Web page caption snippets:

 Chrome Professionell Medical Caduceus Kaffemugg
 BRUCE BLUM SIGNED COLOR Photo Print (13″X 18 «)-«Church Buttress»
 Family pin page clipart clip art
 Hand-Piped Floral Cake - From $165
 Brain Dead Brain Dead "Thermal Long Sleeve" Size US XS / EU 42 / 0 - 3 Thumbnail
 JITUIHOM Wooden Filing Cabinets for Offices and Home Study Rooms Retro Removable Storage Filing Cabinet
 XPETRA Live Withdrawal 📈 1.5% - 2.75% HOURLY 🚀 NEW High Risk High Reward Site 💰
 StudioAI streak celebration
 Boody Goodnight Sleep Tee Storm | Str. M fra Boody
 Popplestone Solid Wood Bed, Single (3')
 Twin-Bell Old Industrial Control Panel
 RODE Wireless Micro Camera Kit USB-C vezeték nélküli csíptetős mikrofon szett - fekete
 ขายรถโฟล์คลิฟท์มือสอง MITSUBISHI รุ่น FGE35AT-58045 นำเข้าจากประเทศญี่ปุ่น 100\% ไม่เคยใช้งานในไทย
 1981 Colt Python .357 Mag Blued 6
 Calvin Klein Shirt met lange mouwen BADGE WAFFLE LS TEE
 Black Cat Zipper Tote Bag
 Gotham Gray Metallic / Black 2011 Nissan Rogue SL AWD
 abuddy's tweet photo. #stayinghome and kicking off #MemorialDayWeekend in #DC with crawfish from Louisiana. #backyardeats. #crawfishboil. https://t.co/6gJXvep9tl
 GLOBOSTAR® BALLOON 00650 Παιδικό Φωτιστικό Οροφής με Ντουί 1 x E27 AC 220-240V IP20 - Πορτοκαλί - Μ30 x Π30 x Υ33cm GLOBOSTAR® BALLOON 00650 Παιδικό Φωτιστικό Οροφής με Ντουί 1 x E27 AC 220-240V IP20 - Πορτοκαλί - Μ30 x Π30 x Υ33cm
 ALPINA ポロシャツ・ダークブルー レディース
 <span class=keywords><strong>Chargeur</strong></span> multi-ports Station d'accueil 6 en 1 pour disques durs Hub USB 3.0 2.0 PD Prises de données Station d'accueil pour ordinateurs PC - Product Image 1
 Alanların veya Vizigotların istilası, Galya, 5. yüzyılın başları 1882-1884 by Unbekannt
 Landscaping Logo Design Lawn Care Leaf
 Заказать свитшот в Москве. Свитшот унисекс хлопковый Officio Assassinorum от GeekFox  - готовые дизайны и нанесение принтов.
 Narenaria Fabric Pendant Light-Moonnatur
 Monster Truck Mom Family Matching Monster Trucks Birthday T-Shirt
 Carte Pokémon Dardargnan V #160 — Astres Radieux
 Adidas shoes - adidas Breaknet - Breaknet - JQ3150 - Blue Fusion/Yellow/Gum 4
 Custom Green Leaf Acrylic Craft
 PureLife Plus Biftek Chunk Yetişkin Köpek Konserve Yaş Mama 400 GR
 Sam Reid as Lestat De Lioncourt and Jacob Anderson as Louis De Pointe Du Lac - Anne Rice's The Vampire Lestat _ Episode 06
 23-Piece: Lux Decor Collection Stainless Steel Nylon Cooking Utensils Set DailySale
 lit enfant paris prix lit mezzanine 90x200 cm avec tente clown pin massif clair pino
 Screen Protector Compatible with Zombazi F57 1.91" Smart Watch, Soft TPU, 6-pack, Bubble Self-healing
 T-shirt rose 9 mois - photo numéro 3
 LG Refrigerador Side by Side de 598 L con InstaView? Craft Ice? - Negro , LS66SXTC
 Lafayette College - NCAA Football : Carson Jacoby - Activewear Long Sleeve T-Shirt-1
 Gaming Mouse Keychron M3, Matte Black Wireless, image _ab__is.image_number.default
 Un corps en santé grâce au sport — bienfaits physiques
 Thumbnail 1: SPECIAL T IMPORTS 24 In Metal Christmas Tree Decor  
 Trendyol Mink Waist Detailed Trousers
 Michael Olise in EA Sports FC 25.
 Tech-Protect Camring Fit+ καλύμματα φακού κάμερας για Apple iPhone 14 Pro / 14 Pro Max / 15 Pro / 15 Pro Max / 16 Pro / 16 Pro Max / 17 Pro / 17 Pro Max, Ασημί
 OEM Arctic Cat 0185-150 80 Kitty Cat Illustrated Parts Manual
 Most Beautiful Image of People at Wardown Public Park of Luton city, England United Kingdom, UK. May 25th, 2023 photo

_WORK REQUEST_:
Copy exactly the line that contains "OEM Arctic Cat" and every line after it through the end of the entries, with nothing added.

_SOLUTION TO THE PROBLEM_:
 OEM Arctic Cat 0185-150 80 Kitty Cat Illustrated Parts Manual
 Most Beautiful Image of People at Wardown Public Park of Luton city, England United Kingdom, UK. May 25th, 2023 photo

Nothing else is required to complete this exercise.